Now I'm wondering if it's worth the time to try and figure out what exactly setting those two bits high does at the hardware layer.
 

Aleamapper

Ars Scholae Palatinae
1,390
Subscriptor
It's amazing what programming knowledge is buried in my brain. I was showering this morning and remembered that 'poke 53774,64' did something useful in Atari BASIC. I knew that poke 16,64 was also part of the incantation. Google lets me know that it disables the escape key.

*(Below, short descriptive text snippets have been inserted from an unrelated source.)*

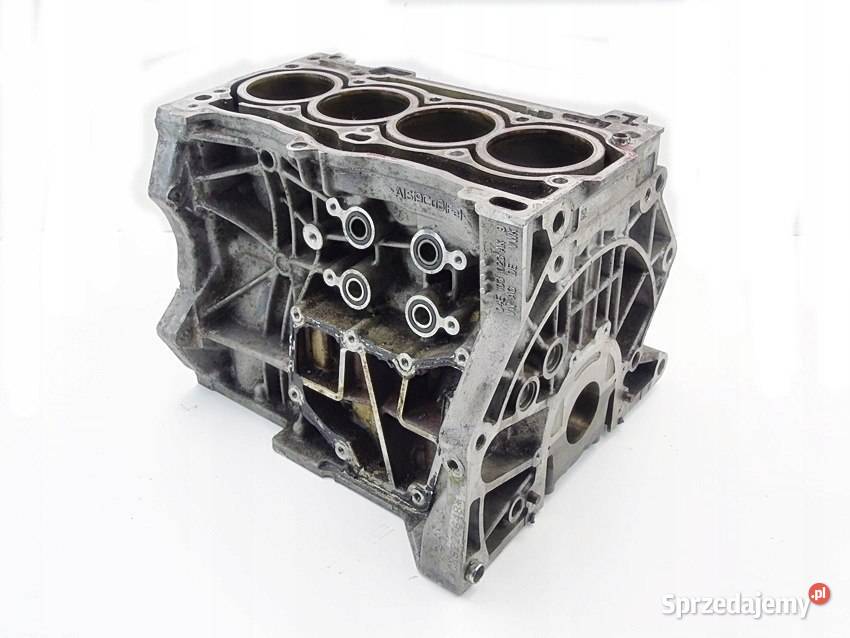 BLOK CXS 14 TSI GOLF 7 A3 LEON ALTEA SCIROCCO Blok silnika Sosnowiec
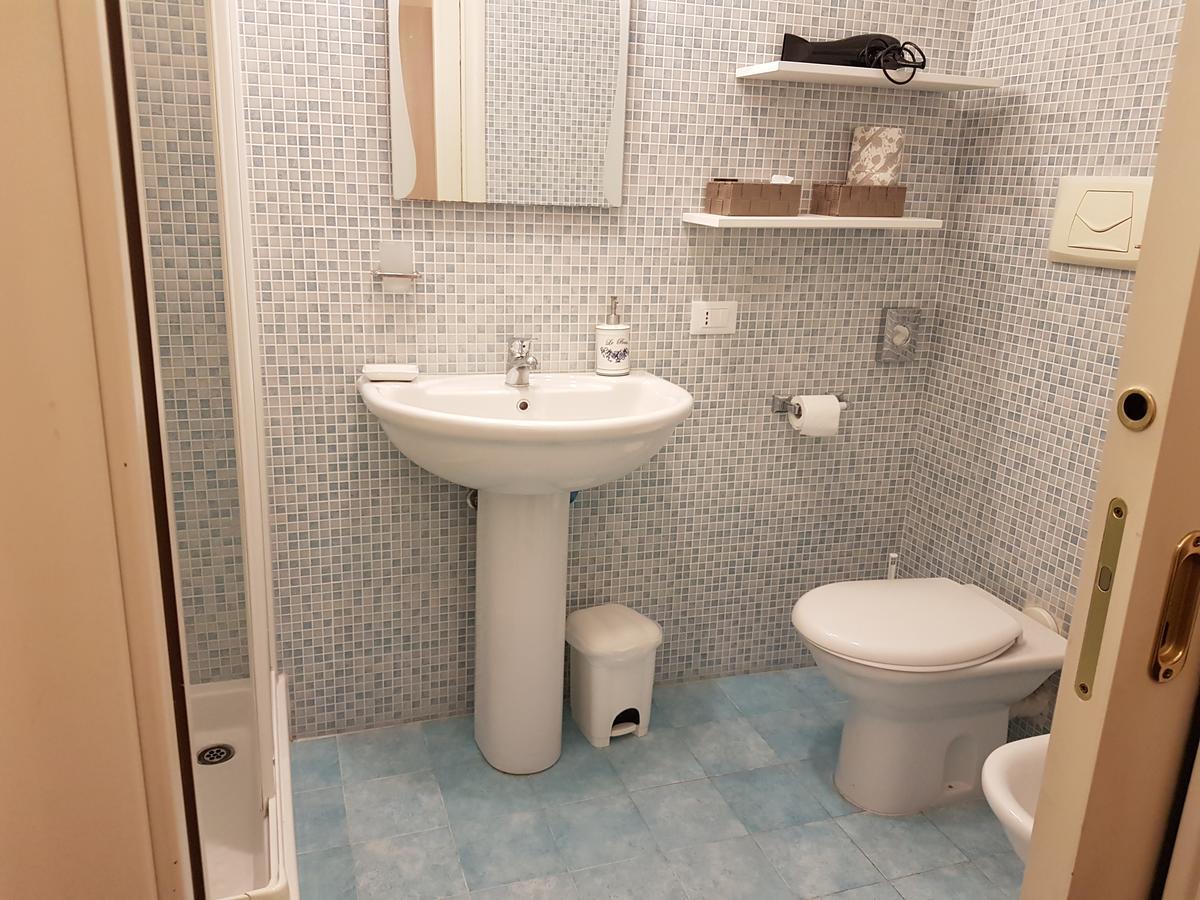 דירות פלרמו Bed & Parking מראה חיצוני תמונה
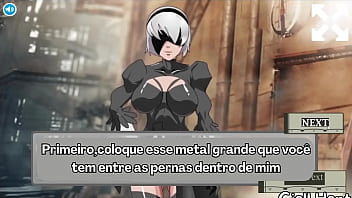 Neir sextomata gameplay complete ok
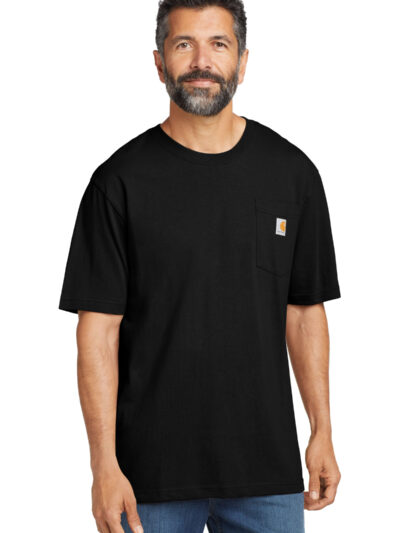 Carhartt ® Tall Workwear Pocket Short Sleeve T-Shirt.
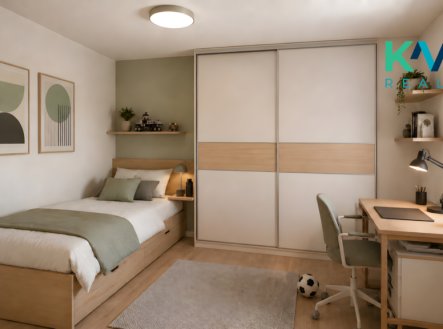 Prodej bytu, 4+1, 81 m²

Not really super useful, but it at least stops randos from breaking your carefully crafted program before it's complete.

Now I'm wondering if it's worth the time to try and figure out what exactly setting those two bits high does at the hardware layer.
I was watching this video the other day about the recent C64 demo Nine, which shows nine sprites on a single scanline, outside the borders even - something 'impossible' on the C64 as it only has 8 sprites, and multiplexing doesn't help - and ended up going down a rabbit-hole of C64 dev videos. All those memory addresses from messing with Basic as a kid, for border colours, sprite registers, disabling run/stop etc came flooding back.

View: https://www.youtube.com/watch?v=MXxSPgt_7Z4


I really want to get into demoscene coding on the C64, but summer is the wrong time!